Exercise 1 – Shoulders
About the easiest use of resistance bands is to perform an overhead press. Begin by standing on the resistance band and hold a handle in each hand. Push up toward the sky. The overhead press is a basic exercise included in most work-out routines. Using a resistance band is the perfect way to do it.
Exercise 2 – Legs
Since we are designing a full body work-out routine, let’s move on to the legs. Again, resistance bands are perfect for this.
To do a front squat, stand on the band; have your feet shoulder-width apart. Holding the handles over your shoulders, have your elbows raised in front of you. Next, squat down; go as low as you can and then slowly come back up to the original position.
Exercise 3 – Back
The bent-over row is considered one of the best exercises for working your back with a resistance band. This exercise will assist you to build a great amount of strength and is a stepping stone to being able to do body-weight pull-ups.
The starting position is standing on the resistance band, having you feet should-width apart. Exchange the handles so that the bands cross in front of you and the left handle is in the right hand and the right handle is in the left hand. Keeping your back nice and straight and head square on your shoulders – not down or up, bend over and lift the handles up towards your midriff so that your elbows are at a 90 degree angle and your shoulder blades squeeze toward each other.
Exercise 4 – Chest
The classic push-up is a standard work-out exercise for your chest. You can ramp up to whole new level by including the resistance band into the exercise. Have the resistance band resting across your shoulders. Put a hand on each handle.

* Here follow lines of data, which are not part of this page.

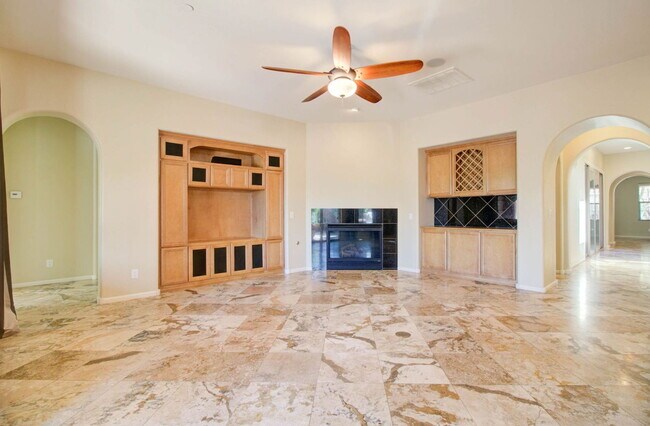 Building Photo - 9427 E Trailside View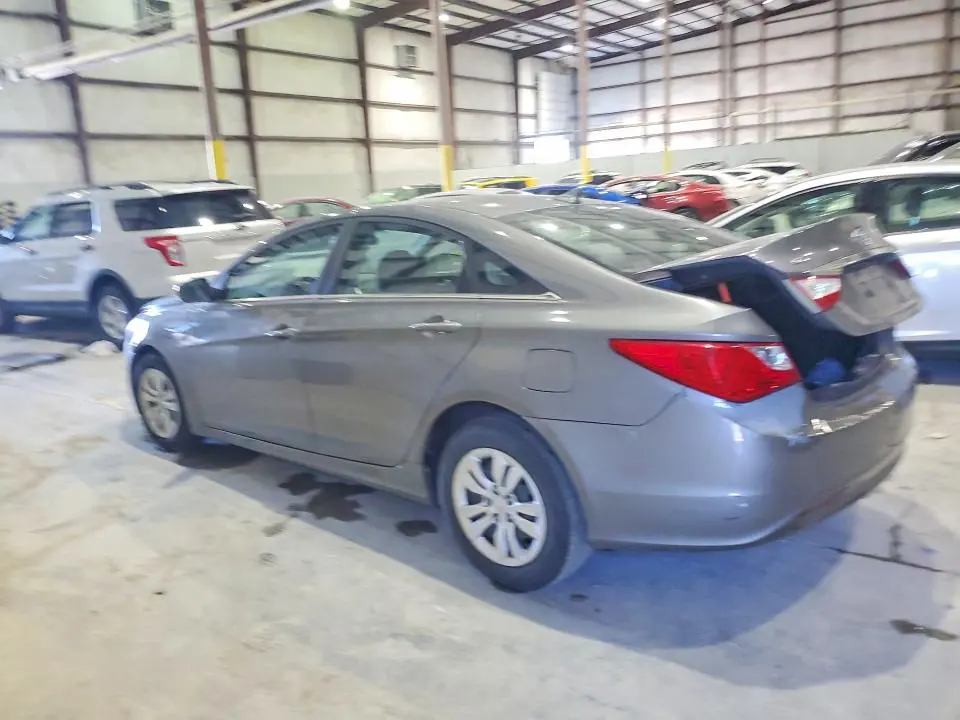 2011 HYUNDAI SONATA GLS  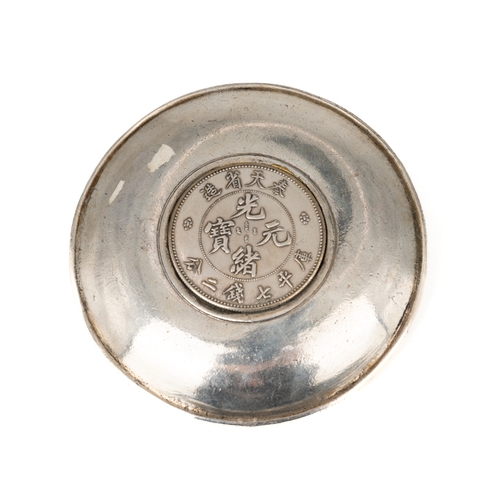 191 - A late 19th centruy Far Eastern silver snuff box, cast with foliate scrolls, approx 7.5cm; together ... 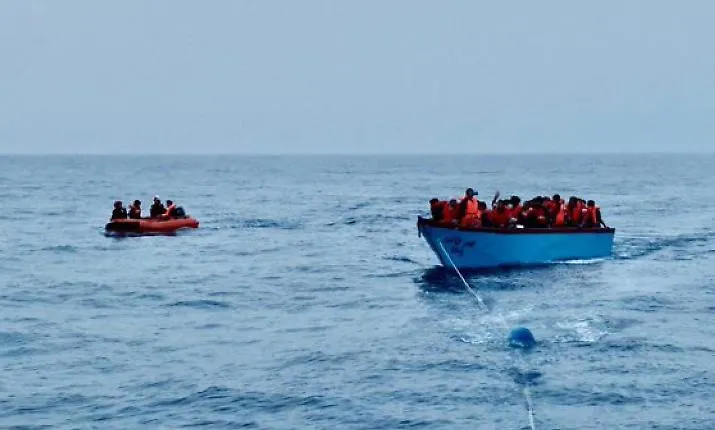 Lampedusa, quattro sbarchi in poche ore: 191 migranti giunti sull'isola, un natante arriva a Cala Croce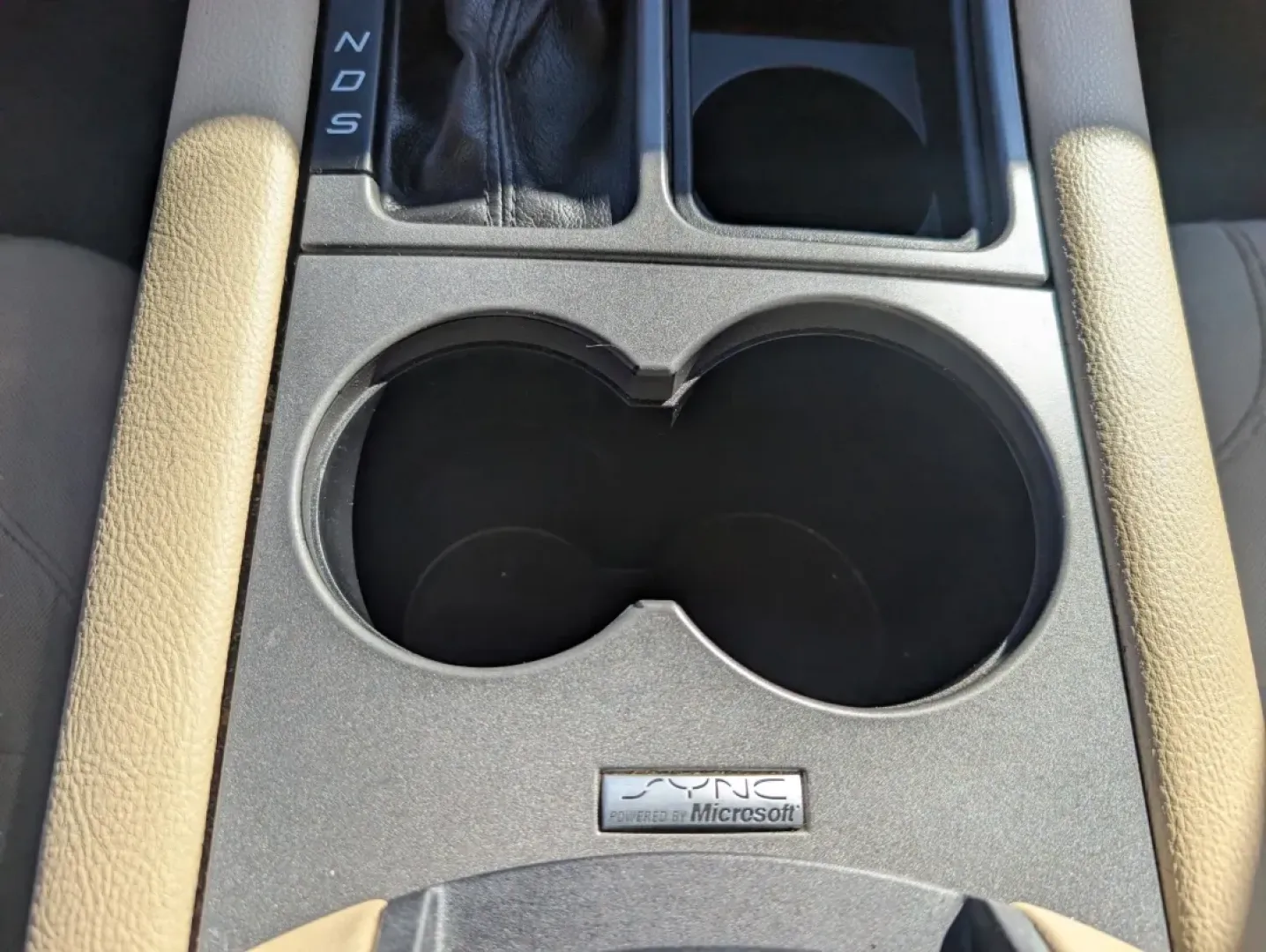 2015 Ford Taurus SE (1FAHP2D81FG) with an Other engine, located at 1430 Gateway Drive, Opelika, AL, 36801, (334) 239-0944, 32.637871, -85.409790 - Discover the perfect blend of comfort and reliability with our 2015 Ford Taurus SE, ideal for budget-conscious buyers seeking a dependable sedan for daily commutes or family road trips. At Gils Auto Opelika, located at 1430 Gateway Drive, Opelika, AL 36801, we specialize in Buy Here Pay Here financ - Photo#12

Now, simply do your regular push-up.
The resistance band will add additional pressure across your shoulders. You will have to push much harder to attain the full extension of your arms to locked elbows. This will definitely enhance the benefit you will receive from doing push-ups.
Exercise 5 – Biceps
Some people struggle to find a way to address their biceps using the resistance band. You can use the resistance band with a standing concentration curl to give your biceps an excellent work-out and build the strength that you are looking for.
Stand on the resistance band, holding the handles at hip level. There must be enough tension in the band so that your biceps work hard when you perform the next part of the exercise.
Curl your arm using the classic bicep curl motion. Make sure to really squeeze at the top in order to get full exertion from your muscles.
If you include these resistance band exercises in your regular work-out routine, you will be amazed at how quickly you see positive results.